The primary issues in terms of creating aggregations from “aggregators” are as follows.
Aggregation formats supported
No standard API exists across repositories so as to facilitate a single approach to aggregation for an aggregation creator. The best available approach (and the only one viable across more than one aggregator is to use RSS Feeds).
|Site||API available||Full text search available||RSS Feed (of search results) available||All content licensed for reuse|
As such, the only aggregations that proved suitable for searching (for this project) are OER Commons, MERLOT and Xpert. Jorum’s keyword API would mean matching their keyword list to our collection, and the building a proprietary system just to parse that content. In terms of flexibility and rapid development, using RSS feeds across MERLOT, Xpert and OER Commons would prove the quickest and simplest approach.
More often than not, OER repositories and contributor sites have supplied their resources to multiple aggregators. As such, when creating aggregations across these aggregators we are likely to encounter the same resource served from different locations. OER Commons and MERLOT both use place holder URLs rather than providing a direct link to the resource like Xpert. Placeholders (e.g. http://www.oercommons.org/courses/structural-materials-in-cells/view) allow for the site to provider other services, but via the RSS feed these urls can cause problems as duplicates can be returned.
As the duplicate URL problem can only be resolved by comparing other elements of the metadata the are provided in the RSS Feed. Below are examples of the metadata from each feed (please note these are not for the same OER, but to demonstrate the differences in metadata).
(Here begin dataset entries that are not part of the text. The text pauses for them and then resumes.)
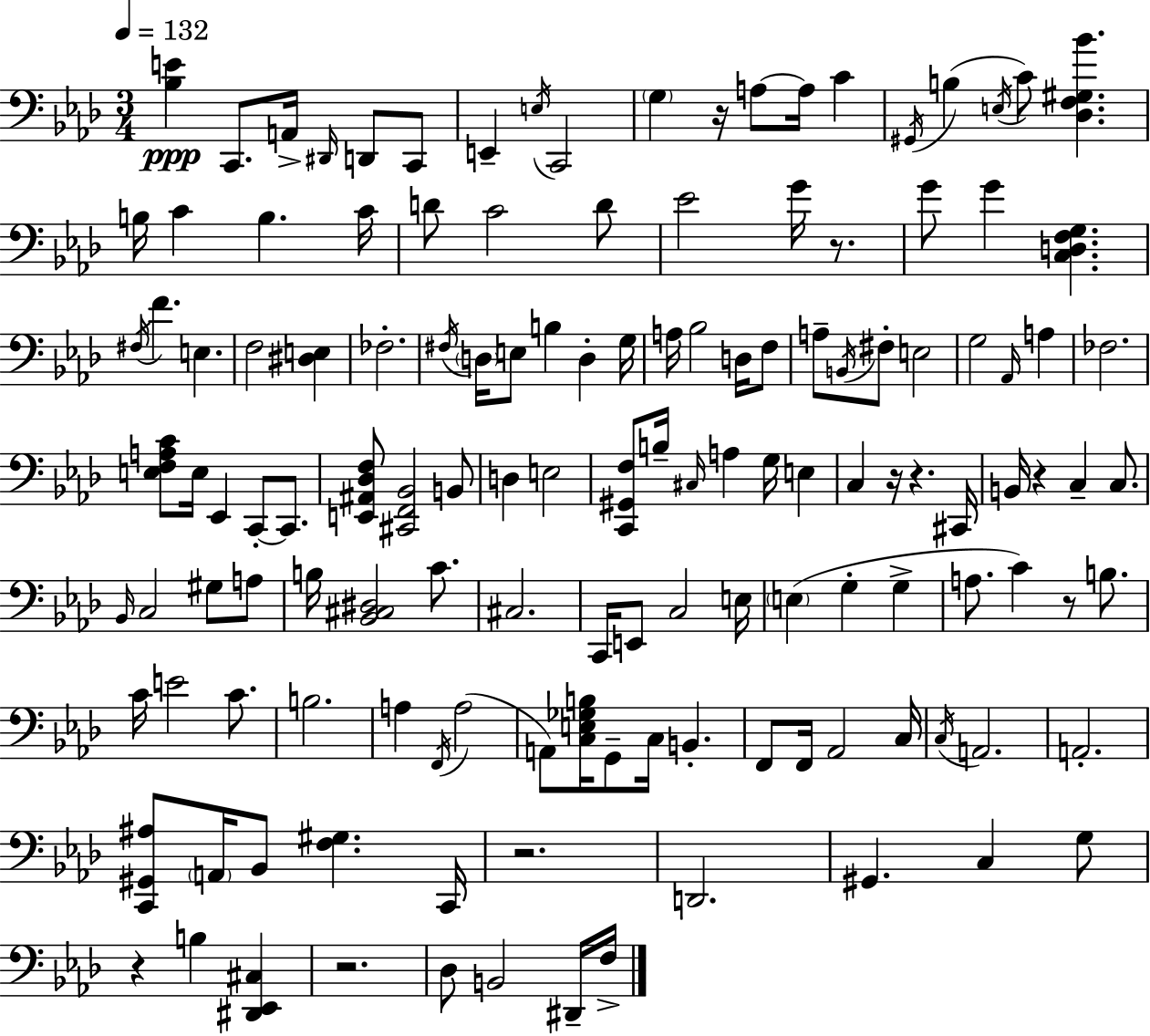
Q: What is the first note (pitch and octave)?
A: C2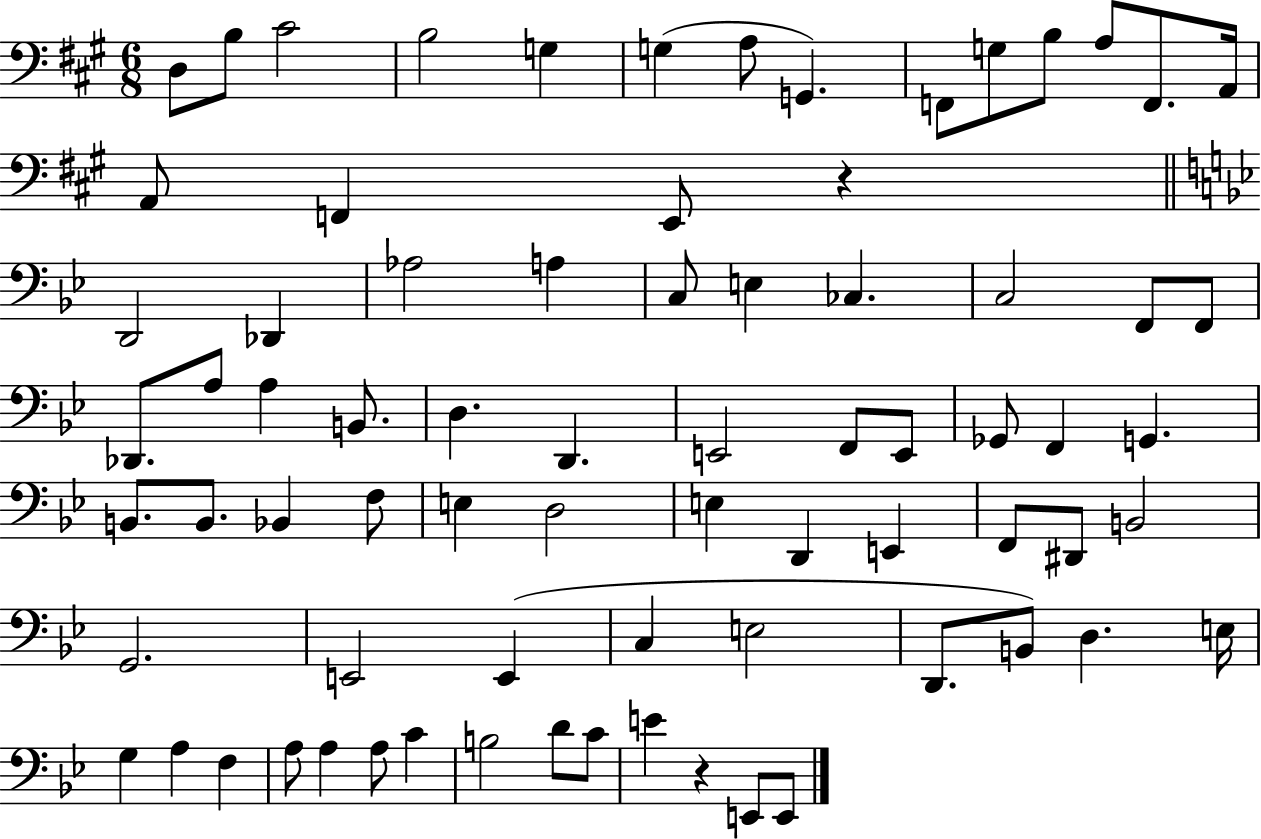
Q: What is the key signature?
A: A major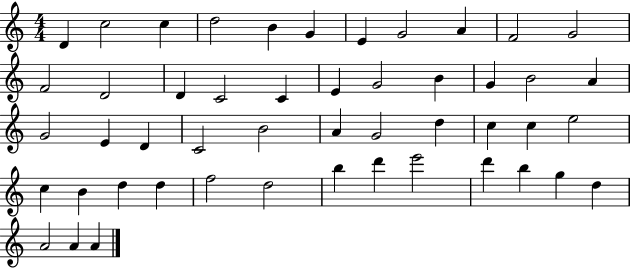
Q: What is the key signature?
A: C major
OER Commons returns (per item)
<item rdf:about="http://www.oercommons.org/courses/cut-down-paper-waste-not-trees"> <title>Cut Down Paper Waste, Not Trees</title> <link> http://www.oercommons.org/courses/cut-down-paper-waste-not-trees </link> <description> Students characterize the volume of paper that the class throws away. They will decide how to reduce their paper waste, then implement their plan. Students will discover that reducing waste is the first and most important step in solving the solid waste problem. </description> <dc:creator>King County</dc:creator> <dc:creator>Solid Waste Division</dc:creator> <dc:subject>Science and Technology</dc:subject> <dc:subject>Social Sciences</dc:subject> <dc:date>2011-03-18T16:03:01</dc:date> <dc:type>Course Related Materials</dc:type> </item>
MERLOT returns (per item)
<item> <title>Tree of Life</title> <link> http://www.merlot.org/merlot/viewMaterial.htm?id=90953 </link> <description> As descibed at the site, "The Tree of Life is a project containing information about the diversity of organisms on Earth, their history, and characteristics. The information is linked together in the form of the evolutionary tree that connects all organisms to each other." </description> </item>
Xpert returns (per item)
<item> <title> <![CDATA[ Studying mammals: Life in the trees ]]> </title> <link> <![CDATA[http://openlearn.open.ac.uk/course/view.php?name=S182_8]]> </link> <guid> <![CDATA[http://openlearn.open.ac.uk/course/view.php?name=S182_8]]> </guid> <description> <![CDATA[David Attenborough looks at ‘life in the trees’: examining how species have evolved to cope with arboreal living. You will learn how lemurs, anteaters, bears and many others have developed different methods to help movement and survival.]]> </description> </item> <item>
As such we face dealing with different data sets according to those the API / RSS feed provide back. We can therefore compare titles and descriptions, but often these are different (having changed between submissions), and so a certain level of duplication is likely to be a risk in these aggregations, but an innate problem, and not due to a problem with the aggregation itself. The lack of date nodes across the metadata prevents an ability to sort content by date, and the lack of subject limits searching to the common fields (title and description).
Licensing and attribution information is also often missing from these feeds (but is possibly not supplied to the aggregator). Without overt licensing information in the feeds, then the ability of people to reuse the material is reduced. Work on the impact of OERs has shown the importance of licensing material clearly to as to encourage reuse.